Each of the records below must be reproduced verbatim.

(Data extracted from a collection)
• • • • •
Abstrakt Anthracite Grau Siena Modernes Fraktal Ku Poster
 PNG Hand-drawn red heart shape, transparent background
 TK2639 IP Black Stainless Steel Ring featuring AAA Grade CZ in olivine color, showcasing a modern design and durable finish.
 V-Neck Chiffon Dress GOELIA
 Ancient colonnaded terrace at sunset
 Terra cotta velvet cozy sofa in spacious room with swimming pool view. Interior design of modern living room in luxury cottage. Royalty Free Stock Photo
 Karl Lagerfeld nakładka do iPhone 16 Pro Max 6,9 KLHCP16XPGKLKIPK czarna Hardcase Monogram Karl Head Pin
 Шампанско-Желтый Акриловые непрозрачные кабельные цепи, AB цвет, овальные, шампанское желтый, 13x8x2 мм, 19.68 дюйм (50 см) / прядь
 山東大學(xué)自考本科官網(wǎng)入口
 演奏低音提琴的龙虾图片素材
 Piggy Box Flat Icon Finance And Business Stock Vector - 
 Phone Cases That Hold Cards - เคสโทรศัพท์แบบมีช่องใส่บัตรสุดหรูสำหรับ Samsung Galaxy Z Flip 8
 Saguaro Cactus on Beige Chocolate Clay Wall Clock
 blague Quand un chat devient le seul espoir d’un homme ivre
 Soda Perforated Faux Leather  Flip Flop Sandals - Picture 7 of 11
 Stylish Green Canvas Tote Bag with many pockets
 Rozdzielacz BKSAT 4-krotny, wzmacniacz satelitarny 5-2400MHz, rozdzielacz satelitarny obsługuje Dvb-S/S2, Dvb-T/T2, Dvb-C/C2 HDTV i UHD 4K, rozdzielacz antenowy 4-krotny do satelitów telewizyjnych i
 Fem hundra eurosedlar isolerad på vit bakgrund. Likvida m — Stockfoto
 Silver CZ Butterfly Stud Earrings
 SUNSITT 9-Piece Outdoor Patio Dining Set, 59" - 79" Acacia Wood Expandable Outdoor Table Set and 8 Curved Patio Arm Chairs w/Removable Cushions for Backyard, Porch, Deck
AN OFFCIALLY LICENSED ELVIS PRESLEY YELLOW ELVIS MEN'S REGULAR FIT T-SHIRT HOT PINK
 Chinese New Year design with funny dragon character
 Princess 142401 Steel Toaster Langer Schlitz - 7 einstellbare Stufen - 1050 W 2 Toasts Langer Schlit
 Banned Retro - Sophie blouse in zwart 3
• • • • •
▸ RESULT
Abstrakt Anthracite Grau Siena Modernes Fraktal Ku Poster
 PNG Hand-drawn red heart shape, transparent background
 TK2639 IP Black Stainless Steel Ring featuring AAA Grade CZ in olivine color, showcasing a modern design and durable finish.
 V-Neck Chiffon Dress GOELIA
 Ancient colonnaded terrace at sunset
 Terra cotta velvet cozy sofa in spacious room with swimming pool view. Interior design of modern living room in luxury cottage. Royalty Free Stock Photo
 Karl Lagerfeld nakładka do iPhone 16 Pro Max 6,9 KLHCP16XPGKLKIPK czarna Hardcase Monogram Karl Head Pin
 Шампанско-Желтый Акриловые непрозрачные кабельные цепи, AB цвет, овальные, шампанское желтый, 13x8x2 мм, 19.68 дюйм (50 см) / прядь
 山東大學(xué)自考本科官網(wǎng)入口
 演奏低音提琴的龙虾图片素材
 Piggy Box Flat Icon Finance And Business Stock Vector - 
 Phone Cases That Hold Cards - เคสโทรศัพท์แบบมีช่องใส่บัตรสุดหรูสำหรับ Samsung Galaxy Z Flip 8
 Saguaro Cactus on Beige Chocolate Clay Wall Clock
 blague Quand un chat devient le seul espoir d’un homme ivre
 Soda Perforated Faux Leather  Flip Flop Sandals - Picture 7 of 11
 Stylish Green Canvas Tote Bag with many pockets
 Rozdzielacz BKSAT 4-krotny, wzmacniacz satelitarny 5-2400MHz, rozdzielacz satelitarny obsługuje Dvb-S/S2, Dvb-T/T2, Dvb-C/C2 HDTV i UHD 4K, rozdzielacz antenowy 4-krotny do satelitów telewizyjnych i
 Fem hundra eurosedlar isolerad på vit bakgrund. Likvida m — Stockfoto
 Silver CZ Butterfly Stud Earrings
 SUNSITT 9-Piece Outdoor Patio Dining Set, 59" - 79" Acacia Wood Expandable Outdoor Table Set and 8 Curved Patio Arm Chairs w/Removable Cushions for Backyard, Porch, Deck
AN OFFCIALLY LICENSED ELVIS PRESLEY YELLOW ELVIS MEN'S REGULAR FIT T-SHIRT HOT PINK
 Chinese New Year design with funny dragon character
 Princess 142401 Steel Toaster Langer Schlitz - 7 einstellbare Stufen - 1050 W 2 Toasts Langer Schlit
 Banned Retro - Sophie blouse in zwart 3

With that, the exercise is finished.